El líder de la Cámara, Mike Johnson, logró agrupar el mínimo de votos conservadores necesarios tras intensas negociaciones y presiones dentro del Partido Republicano. La votación de procedimiento, que define las reglas del debate, se mantuvo abierta por casi seis horas mientras Trump personalmente contactaba a congresistas para asegurar su apoyo. Este esfuerzo refleja la urgencia del presidente por cumplir su plazo autoimpuesto para firmar la ley el 4 de julio, Día de la Independencia.
El proyecto fiscal incluye medidas ambiciosas como la extensión permanente de los recortes de impuestos aprobados durante el primer mandato de Trump (2017-2021). Además, contempla nuevas exenciones fiscales, como la eliminación de impuestos sobre propinas y horas extras, y la deducción de intereses en préstamos para automóviles. Sin embargo, estas propuestas han generado preocupación debido a su impacto en el déficit fiscal, estimado en más de 3 billones de dólares en la próxima década.
Otro punto polémico es la inclusión de un impuesto a las remesas enviadas desde EE.UU., que inicialmente se propuso en 3.5% pero se redujo a 1% en el último borrador. Esta medida podría afectar a países como México, donde las remesas representan una fuente clave de ingresos, con casi 65 mil millones de dólares recibidos en 2024. Economías de Centroamérica, como Honduras y Guatemala, también se verían impactadas por esta política.
El plan también propone fuertes recortes a programas sociales, incluyendo Medicaid y el programa de asistencia alimentaria SNAP. Según la Oficina Presupuestaria del Congreso, estas medidas podrían dejar a 8.6 millones de personas sin cobertura médica y a 3 millones sin acceso a cupones de alimentos. Estas disposiciones han generado críticas de legisladores demócratas y algunos republicanos moderados, preocupados por el impacto en comunidades vulnerables.
En el Senado, la aprobación del proyecto fue ajustada, con un voto de 51-50 gracias al desempate del vicepresidente JD Vance. Tres senadores republicanos, Thom Tillis, Susan Collins y Rand Paul, se opusieron, reflejando las divisiones internas dentro del partido. Estas tensiones podrían complicar el voto final en la Cámara Baja, donde la mayoría republicana es estrecha (220-212).
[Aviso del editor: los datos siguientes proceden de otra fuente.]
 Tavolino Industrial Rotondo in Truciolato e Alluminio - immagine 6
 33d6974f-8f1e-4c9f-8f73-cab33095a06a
El líder de la minoría demócrata, Hakeem Jeffries, intentó retrasar el proceso con un discurso de casi nueve horas, buscando proteger los intereses de veteranos, pensionistas y trabajadores. Su estrategia no logró detener el avance del proyecto, pero puso en evidencia la fuerte oposición demócrata, que critica la ley por favorecer a los más ricos y aumentar la deuda pública.
Trump, por su parte, ha defendido el proyecto como “el mayor recorte fiscal de la historia”, asegurando que impulsará la economía estadounidense y fortalecerá la seguridad fronteriza. En un evento en Iowa, el presidente celebró la aprobación como una victoria histórica, afirmando que cumple promesas clave de su campaña de 2024.
A pesar del optimismo de Trump, el proyecto enfrenta críticas de expertos y organizaciones como Human Rights Watch, que lo acusan de priorizar beneficios para las élites mientras recorta programas esenciales. La agencia de calificación Moody’s también expresó preocupaciones, retirando la máxima calificación de solvencia a la deuda estadounidense debido al aumento proyectado del déficit.
Con el voto final en la Cámara Baja ya concluido, el proyecto está listo para ser firmado por Trump este 4 de julio. Sin embargo, las divisiones políticas y las preocupaciones económicas sugieren que el debate sobre sus impactos apenas comienza.